Abstract
Efficient biomarker-driven randomized clinical trials are a key tool for implementing precision oncology. A commonly used biomarker phase III design is focused on testing the treatment effect in biomarker-positive and overall study populations. This approach may result in recommending new treatments to biomarker-negative patients when these treatments have no benefit for these patients.

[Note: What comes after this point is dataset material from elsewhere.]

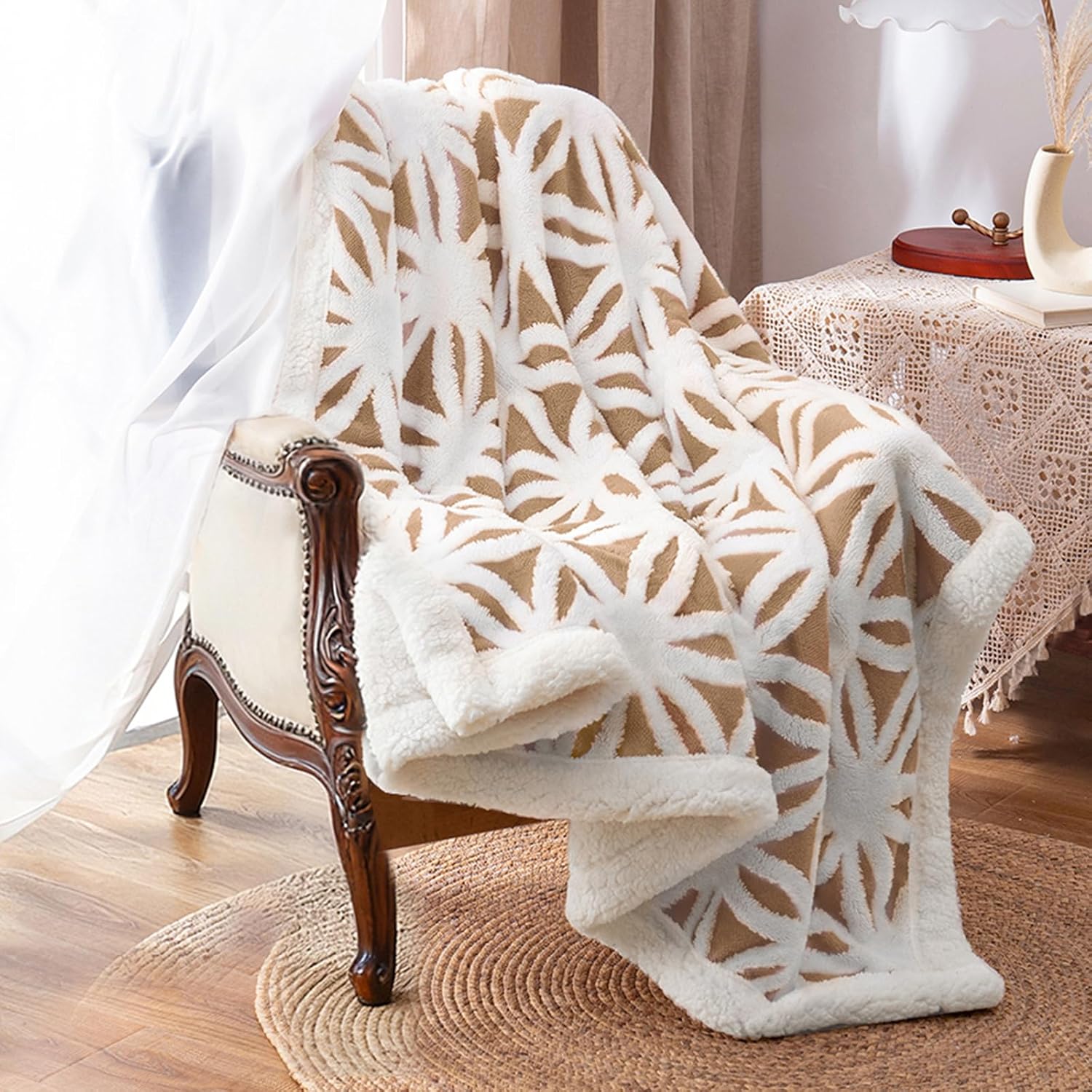 Beige Throw Pillow — 51" — Khaki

Advancing treatment in the era of precision medicine requires randomized clinical trial (RCT) designs that can identify biomarkers that can select patients for whom new therapies have favorable risk-to-benefit ratios. These biomarker RCT designs range from enrichment trials, which restrict eligibility to the biomarker-positive patient subgroup, to biomarker-stratified trials, which are designed to perform formal evaluation of the treatment effect in the biomarker-positive and biomarker-negative subgroups separately. The choice of design should generally ensure a rigorous validation of a biomarker’s clinical utility, that is, the biomarker’s ability to accurately distinguish patients who benefit from the experimental treatment vs patients who do not benefit (1). Unfortunately, one commonly used biomarker design is flawed in that respect: the biomarker-positive/overall design is based on formal evaluation of the treatment effect in the biomarker-positive subgroup as well as in the overall population (combining biomarker-positive and biomarker-negative subgroups). The noted problem with biomarker-positive/overall design is that a treatment effect present only in a biomarker-positive subgroup can lead to an observed positive treatment effect in the overall population (2-4). This is due to the fact that when the treatment effect in biomarker-positive subgroup is sufficiently large and/or the biomarker-positive population is sufficiently prevalent, estimates of the treatment effect in the overall population are driven by the biomarker-positive treatment effect. The design could then erroneously recommend the new therapy for the biomarker-negative subgroup when it is not beneficial or is even harmful for these patients. For example, this design was used to compare letrozole plus lapatinib vs letrozole plus placebo in breast cancer in the HER2-positive and overall population (5). The trial reported statistically significant results in the HER2-positive and overall populations, thus allowing formal recommendation of the therapy to the HER2-negative population. However, because there was no clinically meaningful benefit observed in the HER2-negative population, the investigators overruled their prespecified statistical trial design and rightfully concluded that the benefit was limited to HER2-positive patients.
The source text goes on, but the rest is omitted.